Sunday, 19 June 2011

Fathers' Day special?

Early this week, my favourite  radio station advertised that they were going to interview the father and son politician pair in their Breakfast Grille segment in conjunction with Fathers' Day over the weekend. I was curious to see (hear) how they were going glorify this father of a figure who attained notoriety via his digital display of his bedroom antics with his mistress which he claimed was with the approval and knowledge of his wife not many years ago. A politician, being a politician, thick lichenified skinned and shameless, managed to return to hold the helm which he once lost. Not much to my surprise, the duo did not appear together. In its place, Sr. was interviewed on his political party and agenda and nothing about being a father.

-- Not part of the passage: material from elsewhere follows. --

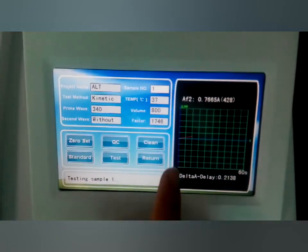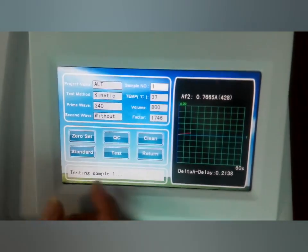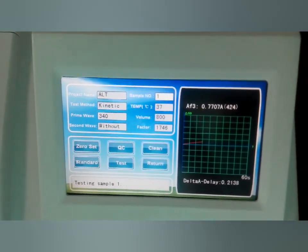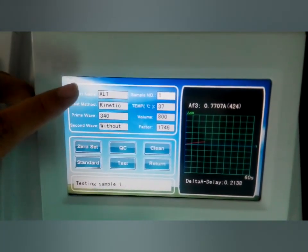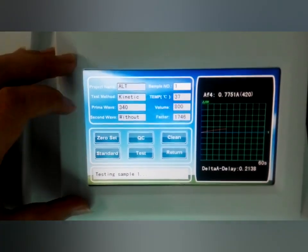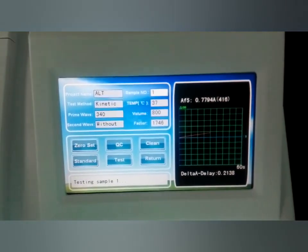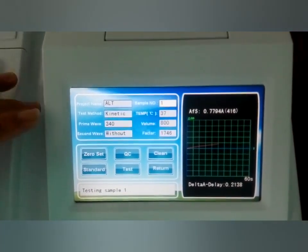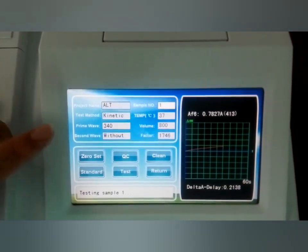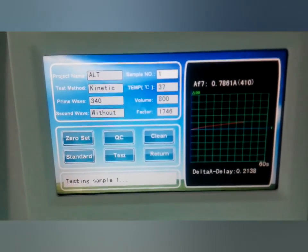Now the result is ready and you can see other options here: standard, return, clean, QC. Because different items have different test ways, some items require us to do the standard and the QC. We just do it according to the reagent menu and do the standard or the QC — it is all according to the item's reagent menu.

My learned uncle, ever so bitter with his late father, offered his fatherly words of wisdom to me when I was growing up. "Anyone can be father. To be a good one, that's one should thrive to be!". In my books, I suppose a good father should be one who should be able to provide for his family in his own able way and be a pillar of Gibraltar and a yardstick for his kids to emulate. Talking from experience, we all would not appreciate our old men until we ourselves got into fatherhood and discover the intricacies of diplomacy and wriggling through sticky situations as a father. By then, we would realise that we had indeed evolved to fit into the shoes of the man we had earlier never saw eye to eye in our earlier younger blooded days and never wanted to be like - our fathers. Happy Fathers' Day!